_What is needed_: The lines to transcribe begin with the one containing "natural background. Spring" and end with the last line below; reproduce them exactly, without the pictures.

---------------

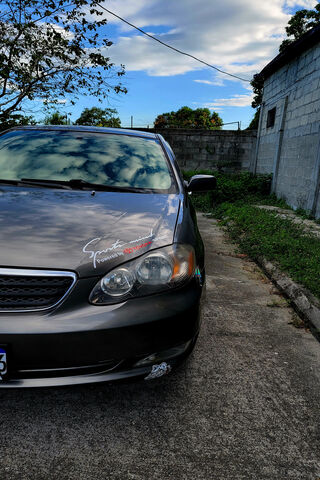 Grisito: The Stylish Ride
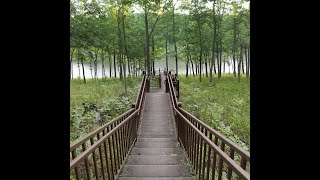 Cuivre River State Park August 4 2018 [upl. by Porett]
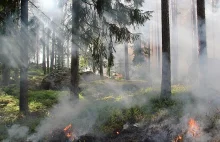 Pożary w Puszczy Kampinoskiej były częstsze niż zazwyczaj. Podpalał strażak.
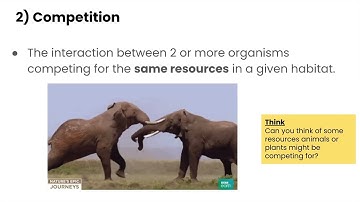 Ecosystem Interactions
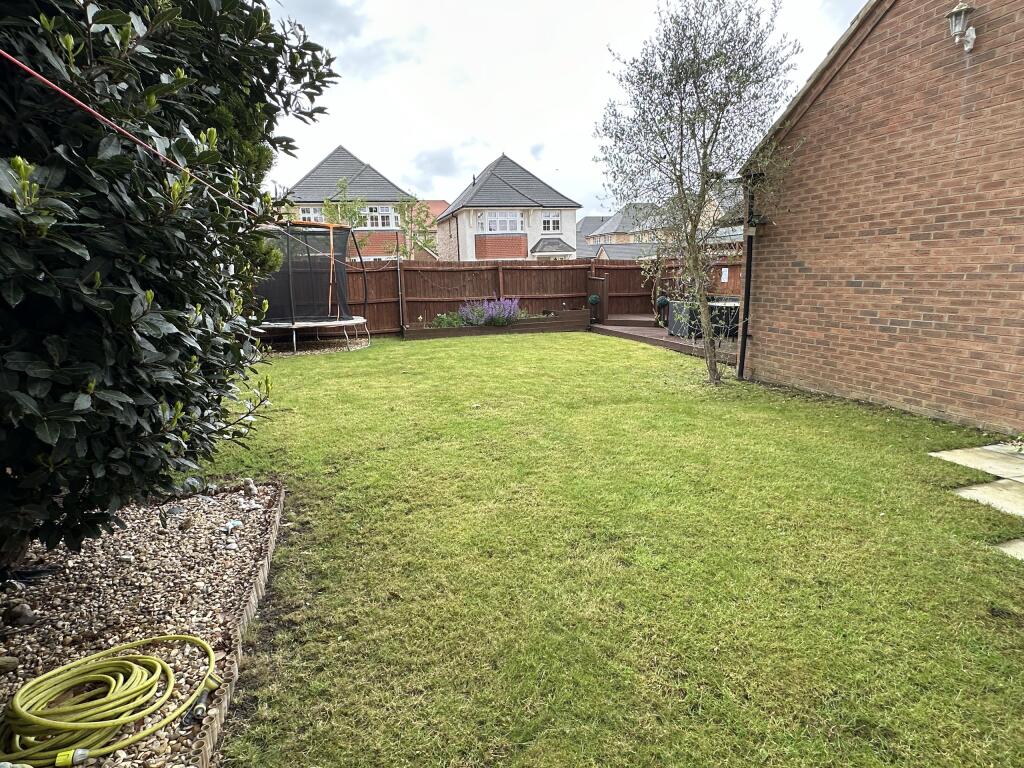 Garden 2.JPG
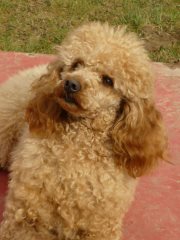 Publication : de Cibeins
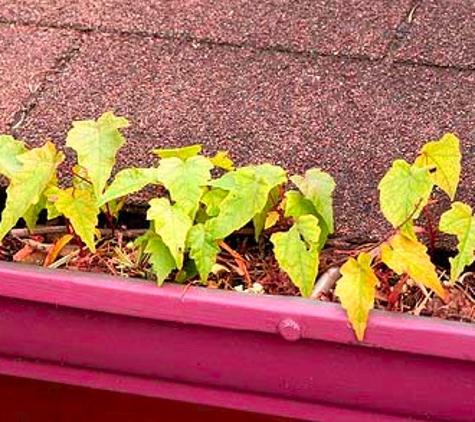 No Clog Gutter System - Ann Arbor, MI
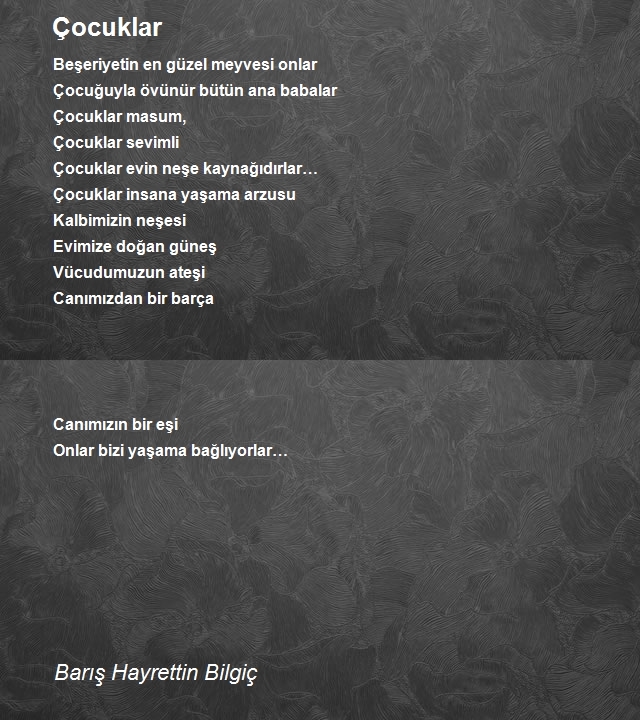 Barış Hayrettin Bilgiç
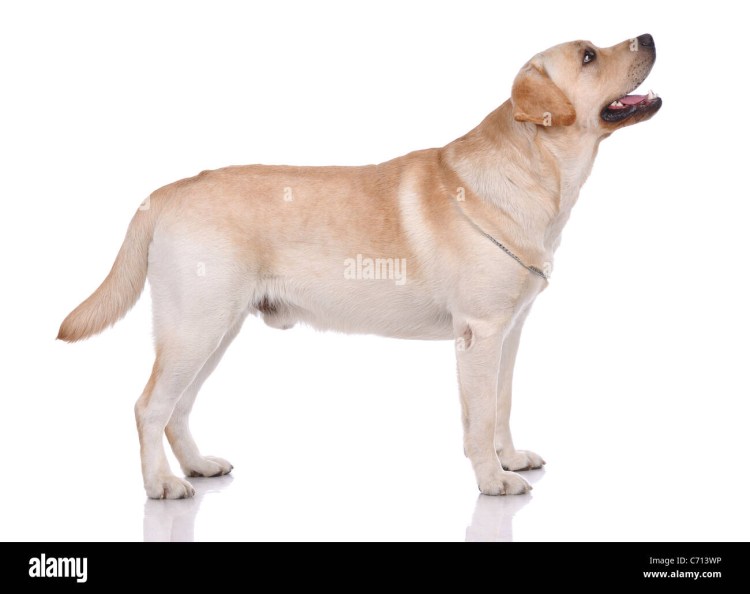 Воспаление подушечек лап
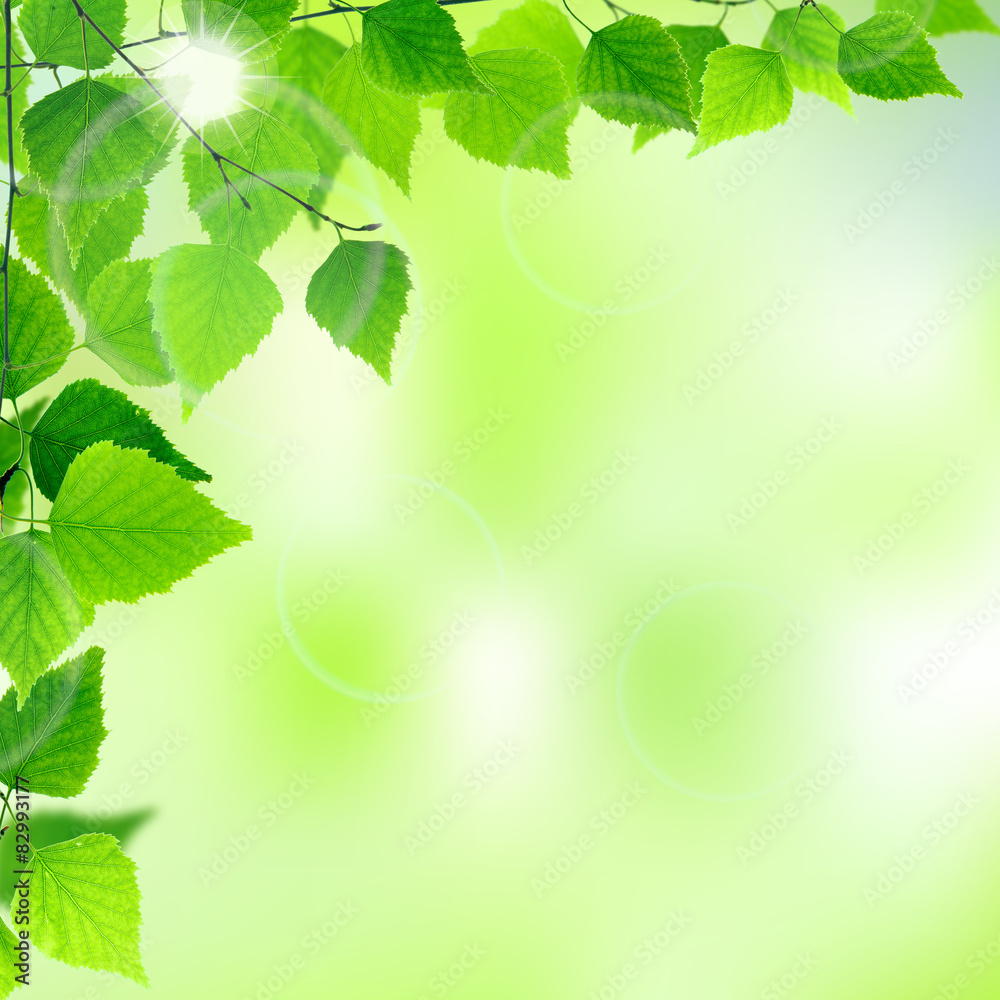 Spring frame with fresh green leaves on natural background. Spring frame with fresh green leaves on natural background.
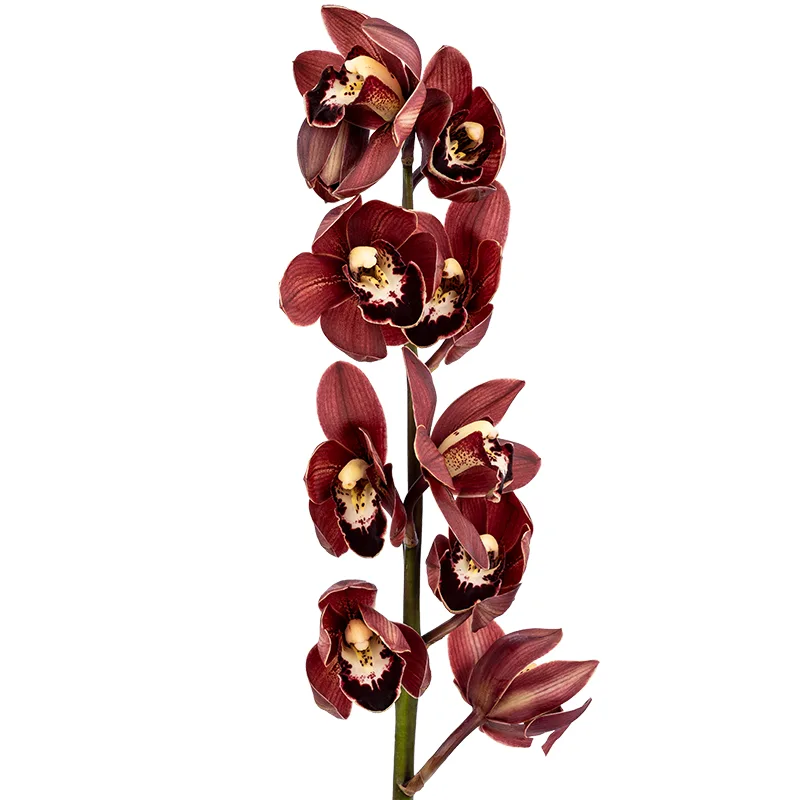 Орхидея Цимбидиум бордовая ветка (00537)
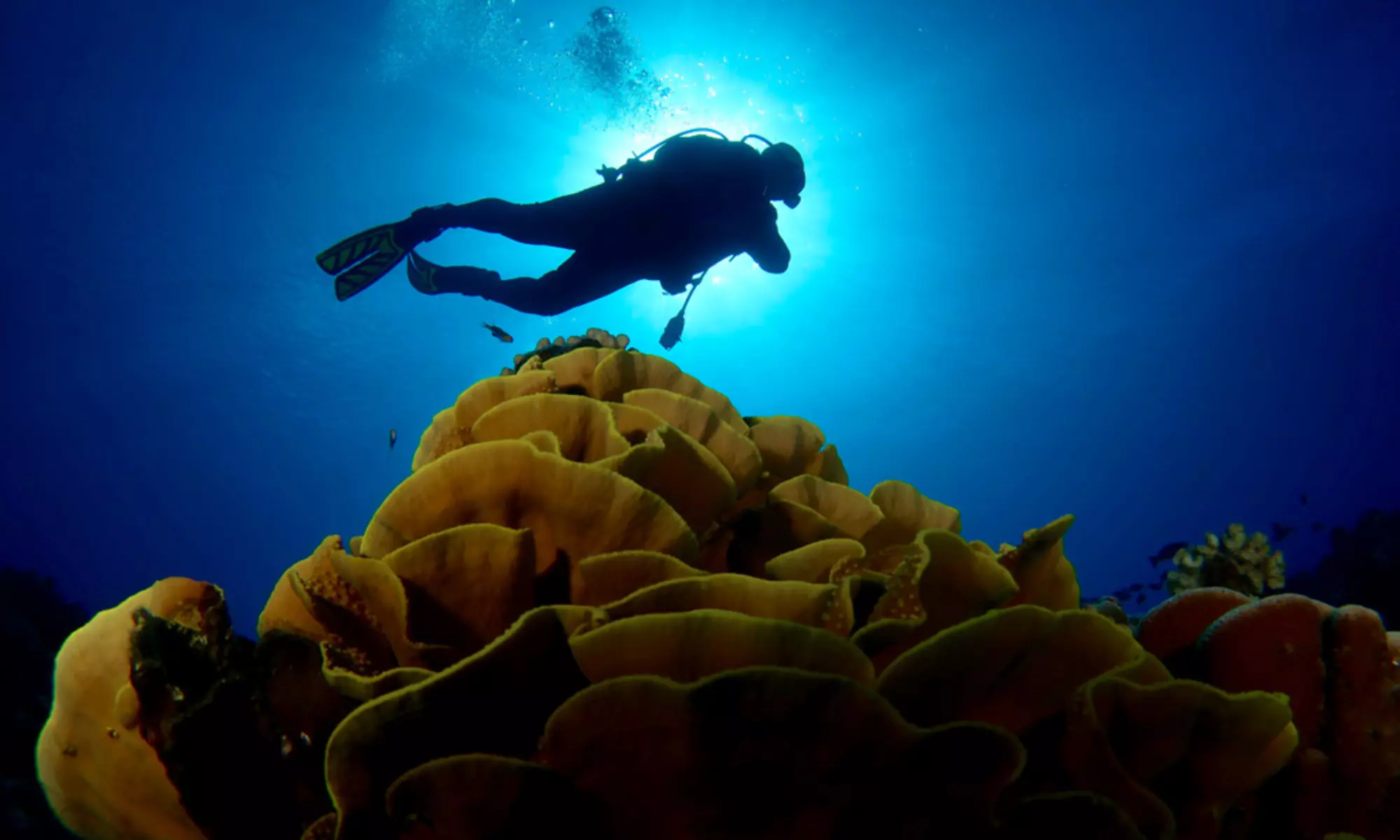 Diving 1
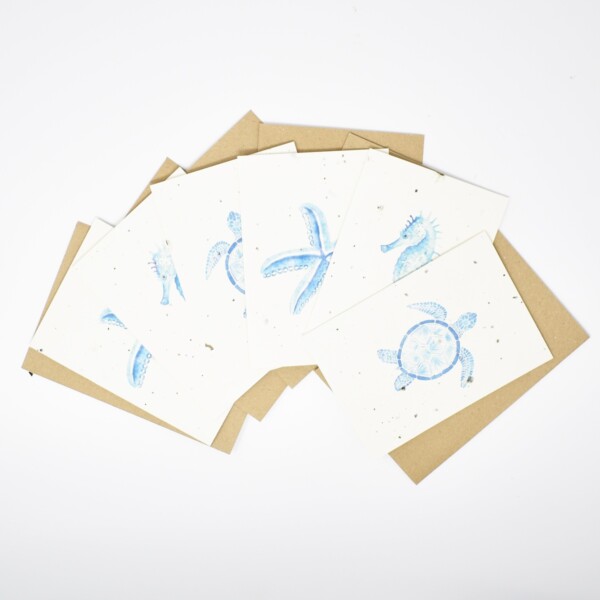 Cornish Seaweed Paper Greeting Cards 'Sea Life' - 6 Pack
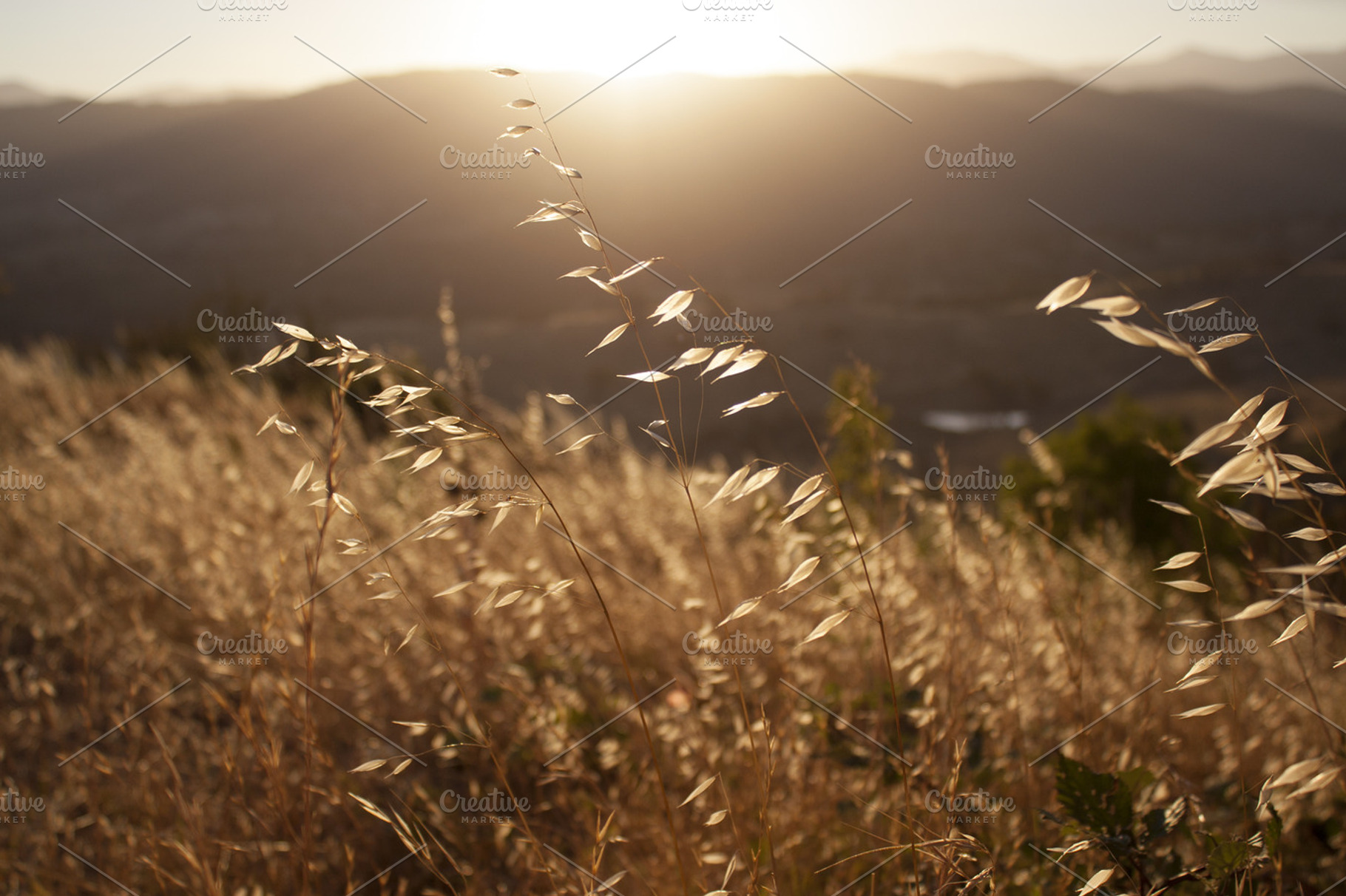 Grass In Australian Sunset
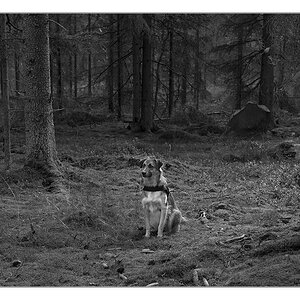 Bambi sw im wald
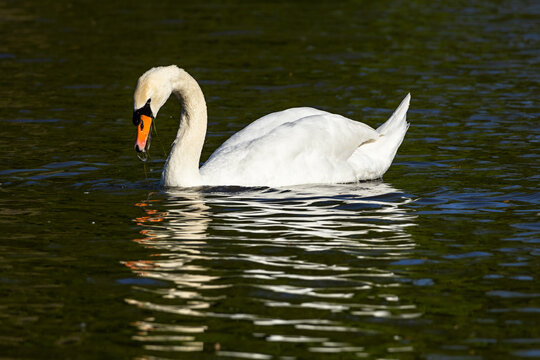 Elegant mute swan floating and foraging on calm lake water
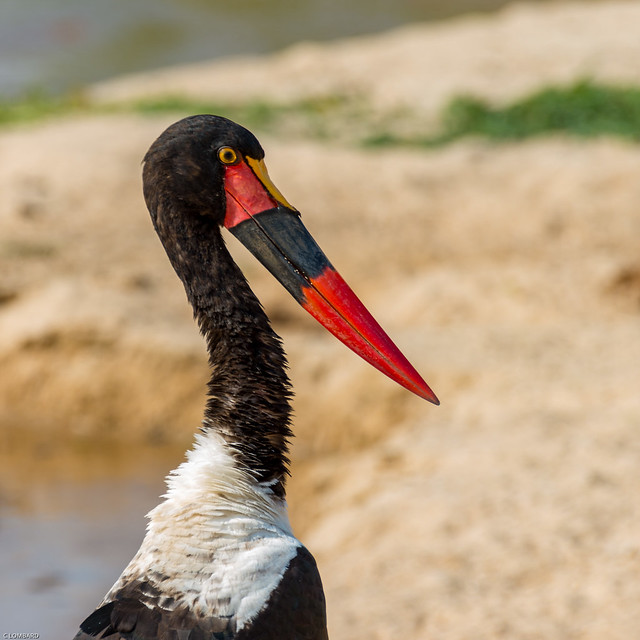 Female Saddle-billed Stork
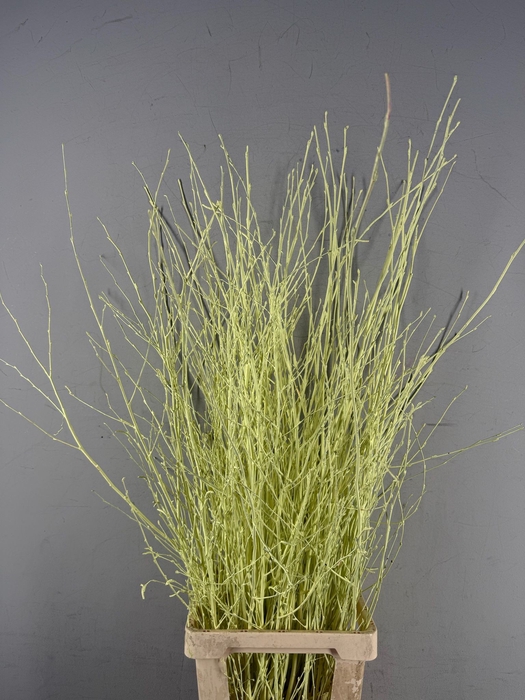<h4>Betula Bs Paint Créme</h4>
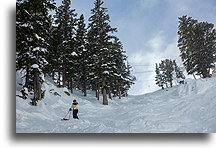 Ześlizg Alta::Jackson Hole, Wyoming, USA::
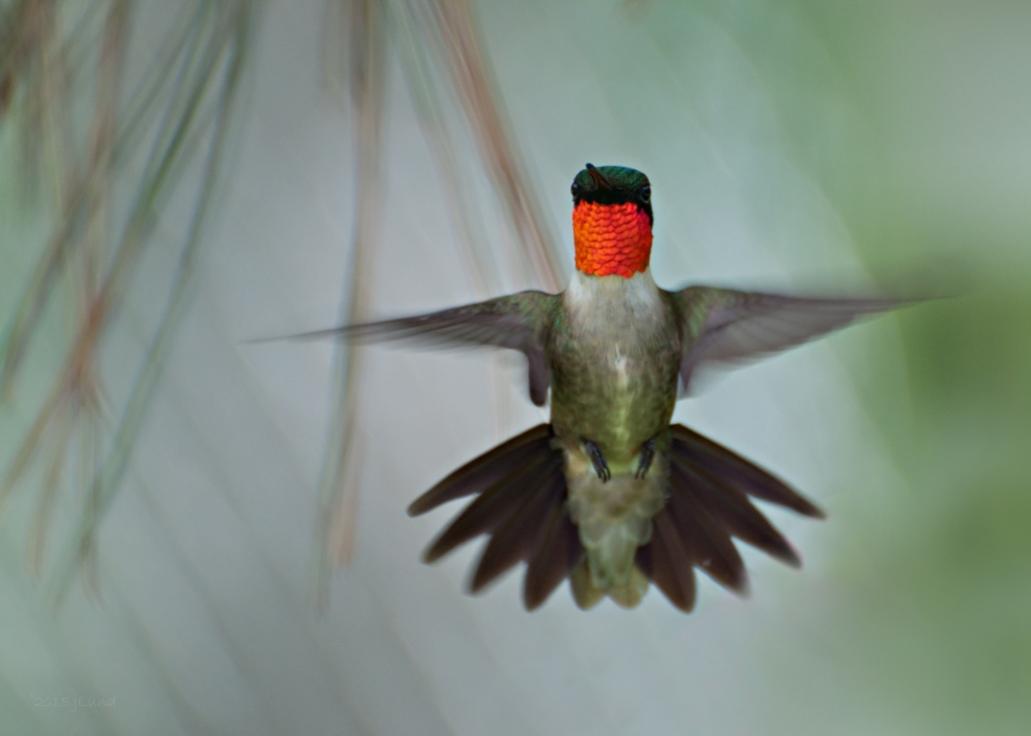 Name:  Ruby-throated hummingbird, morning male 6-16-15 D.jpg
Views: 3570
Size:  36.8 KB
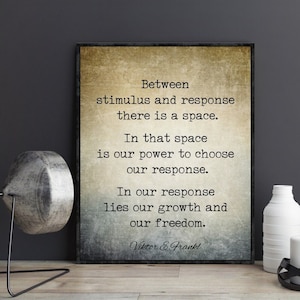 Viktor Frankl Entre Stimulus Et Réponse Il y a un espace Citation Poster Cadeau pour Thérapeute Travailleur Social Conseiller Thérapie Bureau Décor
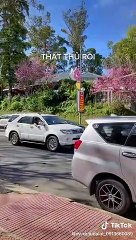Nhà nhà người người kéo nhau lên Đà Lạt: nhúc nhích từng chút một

---------------

_Answer to this exercise_:
 Spring frame with fresh green leaves on natural background. Spring frame with fresh green leaves on natural background.
 Орхидея Цимбидиум бордовая ветка (00537)
 Diving 1
 Cornish Seaweed Paper Greeting Cards 'Sea Life' - 6 Pack
 Grass In Australian Sunset
 Bambi sw im wald
 Elegant mute swan floating and foraging on calm lake water
 Female Saddle-billed Stork
<h4>Betula Bs Paint Créme</h4>
 Ześlizg Alta::Jackson Hole, Wyoming, USA::
 Name:  Ruby-throated hummingbird, morning male 6-16-15 D.jpg
Views: 3570
Size:  36.8 KB
 Viktor Frankl Entre Stimulus Et Réponse Il y a un espace Citation Poster Cadeau pour Thérapeute Travailleur Social Conseiller Thérapie Bureau Décor
Nhà nhà người người kéo nhau lên Đà Lạt: nhúc nhích từng chút một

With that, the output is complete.